Affari illeciti, gonfiati tramite commercialisti amici e banche compiacenti, che fruttavano: tre milioni di euro, nel solo 2008, tra appalti nel movimento merci e nel settore pulizie. Affari che proliferavano sul lavoro in nero, a 6 euro l’ora, di decine di operai boliviani, salvadoregni, peruviani e cinesi, tutti ricattabili perché irregolari. Società che cambiavano nome e ragione sociale ogni due anni, libri contabili bruciati per evitare controlli. Così, senza battere le vie internazionali del narcotraffico e senza la violenza predatoria del pizzo, la metastasi milanese della mafia palermitana accumulava capitale. Da reimpiegare, anche, alla vecchia maniera, in forma di stipendio fisso per Lucia Martinelli e Francesca Nicchi, madre e sorella del gaudente Gianni “Tiramisù” (il killer di fiducia del reggente di Pagliarelli Nino Rotolo), che al carcere di Opera venivano a trovare anche il capofamiglia Gigi. Da spedire in contanti alle famiglie giù in Sicilia, a sacchi da 100mila euro alla volta, come in un documentato e fotografato prelievo nella sede di una delle cooperative dell’organizzazione, datato 2008.
Poi, da che mafia è mafia, c’era un’attività parallela di supporto alla politica.

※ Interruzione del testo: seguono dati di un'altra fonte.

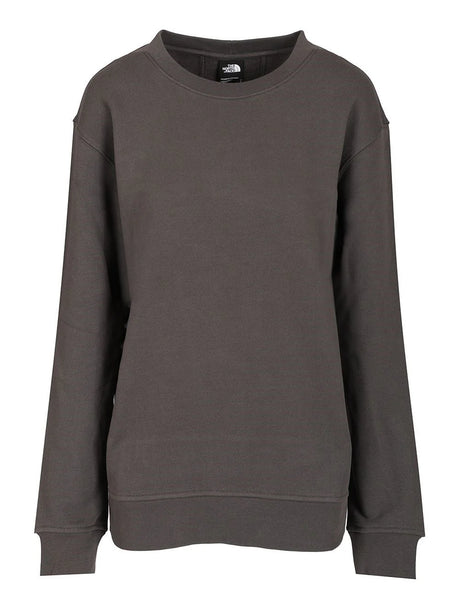The North Face Dome Relaxed Sweatshirt - Black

Se ne incarica il solito Pino Porto, che per le regionali del 2010 si adopera da collettore di voti per Domenico Zambetti (Pdl), poi assessore nell’ultima giunta Formigoni e motivo della sua caduta quando verrà arrestato per voto di scambio e concorso esterno in associazione mafiosa. Ad attivarsi per il contatto era stato un ex consulente del Ministero per l’Attuazione del programma, Gianni Lastella, poi candidato non eletto del Pdl alle Comunali del 2011. Sottobosco della politica locale. Che, però, sa sempre a chi bussare.